WHAT YOU SHOULD DO
Please restate word for word the lines of the entries below from the one with "FILE- In this" to the one with "Alternate image for", inclusive, and leave out every picture.

PROVIDED DATA
^^^^^^^^

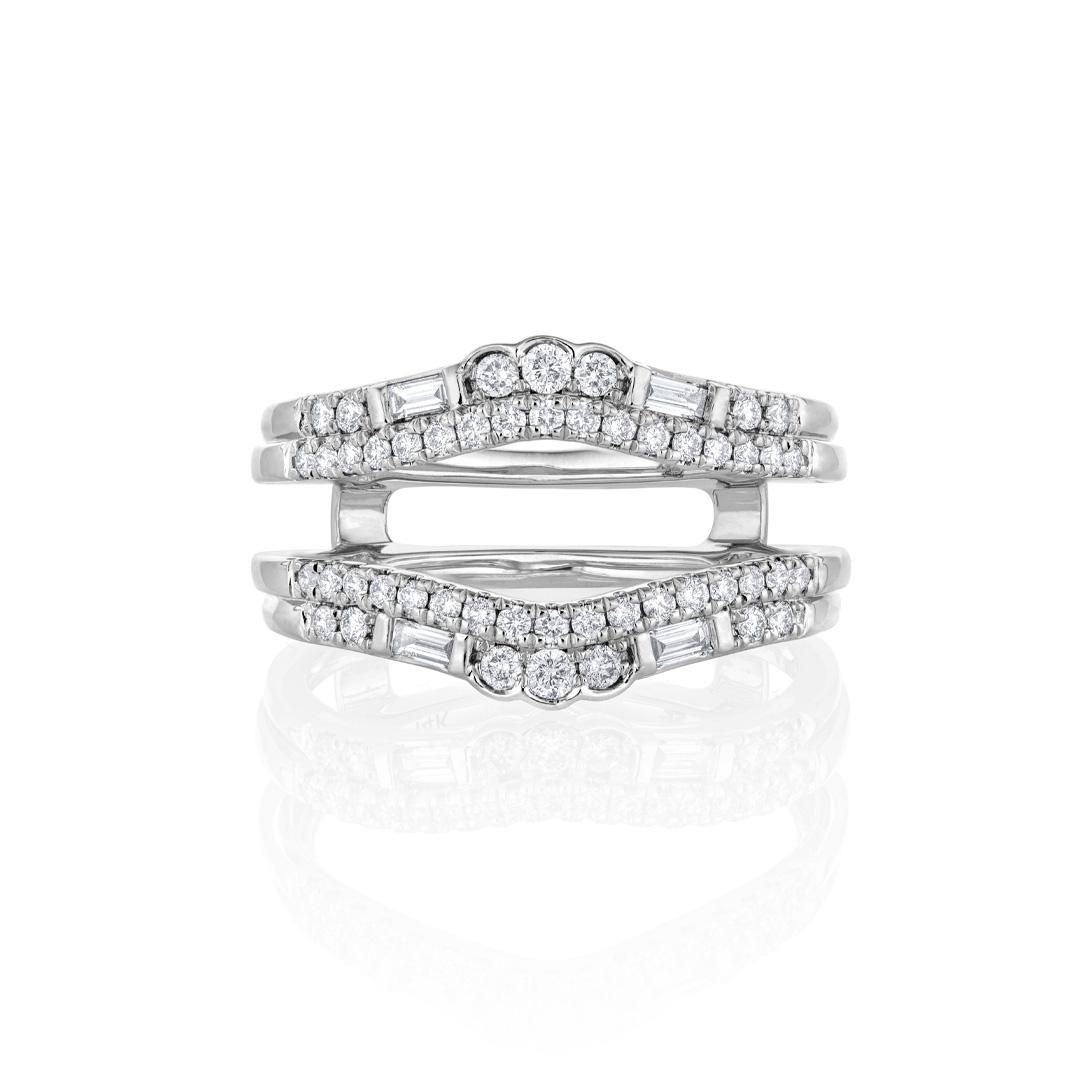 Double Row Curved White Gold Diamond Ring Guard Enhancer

^^^^^^^^

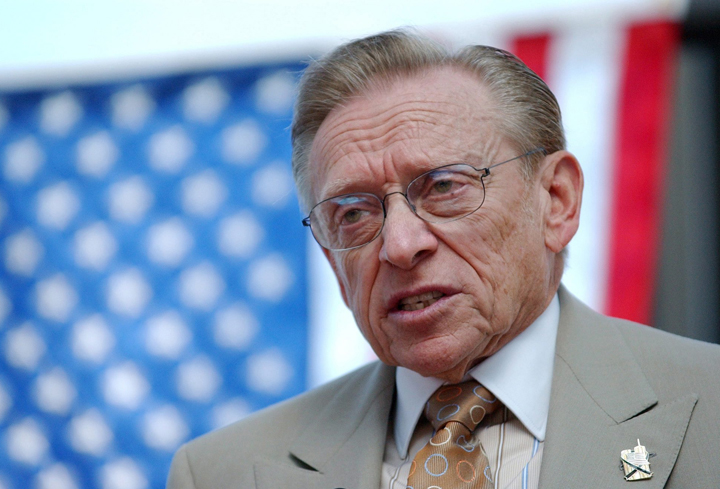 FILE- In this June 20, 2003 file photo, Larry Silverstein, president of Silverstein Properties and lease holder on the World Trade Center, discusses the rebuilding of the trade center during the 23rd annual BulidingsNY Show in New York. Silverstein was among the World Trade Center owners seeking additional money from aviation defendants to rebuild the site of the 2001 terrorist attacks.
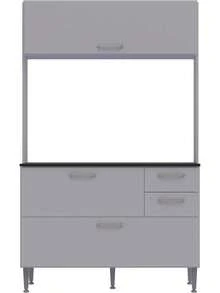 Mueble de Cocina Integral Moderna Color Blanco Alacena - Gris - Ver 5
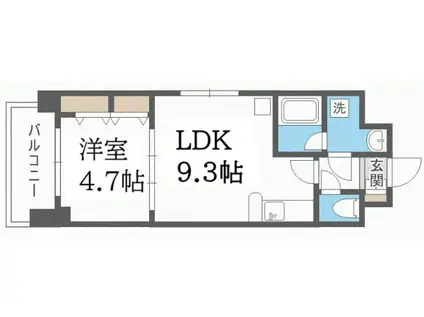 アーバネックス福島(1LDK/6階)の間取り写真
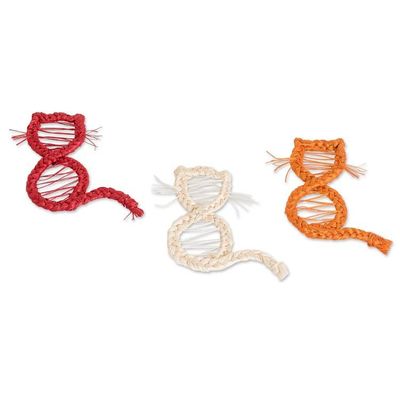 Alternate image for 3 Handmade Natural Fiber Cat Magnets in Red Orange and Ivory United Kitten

^^^^^^^^

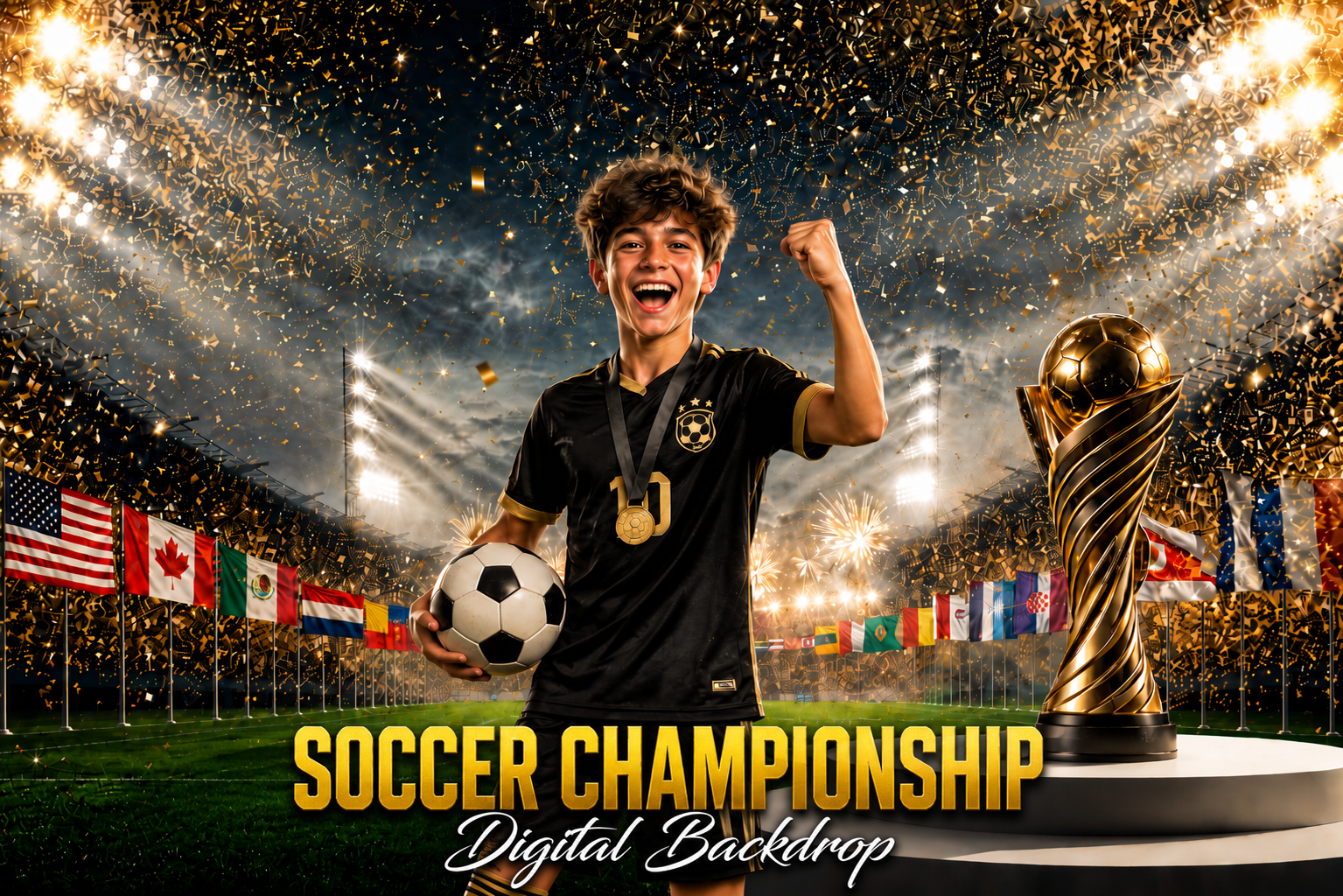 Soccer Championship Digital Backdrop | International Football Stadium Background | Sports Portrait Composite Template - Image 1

^^^^^^^^

ANSWER BOX
 FILE- In this June 20, 2003 file photo, Larry Silverstein, president of Silverstein Properties and lease holder on the World Trade Center, discusses the rebuilding of the trade center during the 23rd annual BulidingsNY Show in New York. Silverstein was among the World Trade Center owners seeking additional money from aviation defendants to rebuild the site of the 2001 terrorist attacks.
 Mueble de Cocina Integral Moderna Color Blanco Alacena - Gris - Ver 5
 アーバネックス福島(1LDK/6階)の間取り写真
 Alternate image for 3 Handmade Natural Fiber Cat Magnets in Red Orange and Ivory United Kitten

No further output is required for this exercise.